Battlefield dispatches are rare gems within manuscript collections. Many are drafted on scraps of paper and hurriedly composed in the midst of a raging battle. They are shoved in the hands of mounted couriers and officers to be delivered to battalions and regiments fighting either to defend themselves or secure a prominent land feature. Many dispatches have not survived due to the unpredictable nature of combat.

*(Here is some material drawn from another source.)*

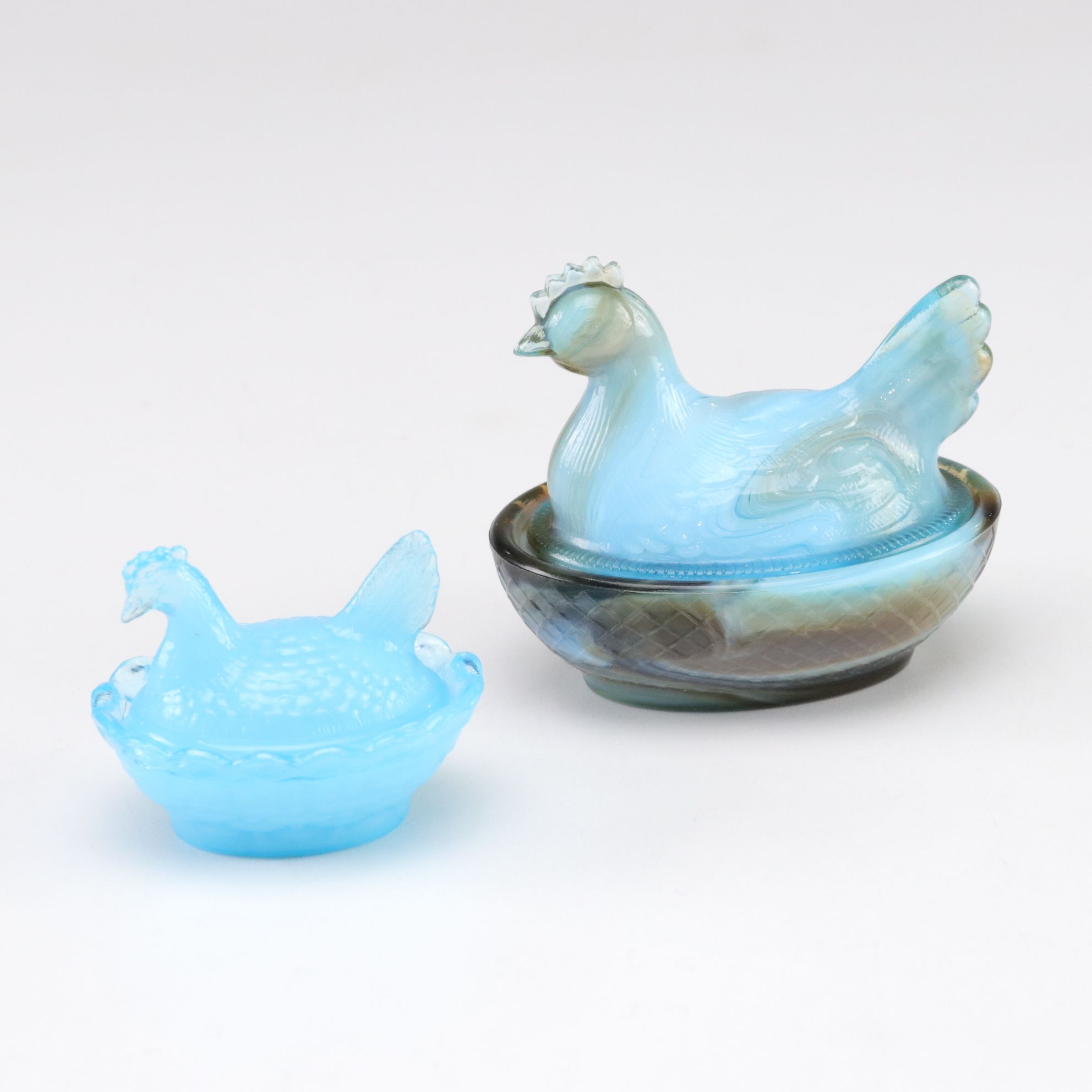 Uranium and Slag Glass Dengenhart "Priscilla" Figurine, Hen on Nest, and More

On the afternoon of September 17, 1862, Major General Ambrose Powell Hill moved his “Light” Division forward from Harpers Ferry, Virginia to Sharpsburg, Maryland to reinforce General Robert E. Lee’s Army of North Virginia struggling under the assault of the Union Army of the Potomac. By 4pm, General Hill’s brigades arrived below Sharpsburg nearly in time with the arrival of the Union Ninth Army Corps, which was pushing toward the town from Antietam Creek. As Brigadier General Lawrence O’Bryan Branch’s brigade headed for the flank of the advancing federals, General Hill ordered the Twenty-Eighth North Carolina Troops, under the command of Colonel James H. Lane, to block Union skirmishers from taking the road going to Sharpsburg itself.
After deploying his men as skirmishers, the swirling combat over the procession over that portion of the battlefield led to uncertainty by Colonel Lane. He was out of touch with his brigade commander, and was unable to advance due to additional Confederate forces moving in front of his regiment. In addition, he found his command in line with another Confederate regiment, Seventh Virginia Volunteers, who was likewise separated from its parent brigade. Colonel Lane did not know what he should do, and wrote a dispatch to his superior officer, General Branch. With the confusion on the battlefield, Lane desperately needed information on what his next movement should be in light of the movement of the brigade toward the enemy. Colonel Lane never got an answer to his plea for orders.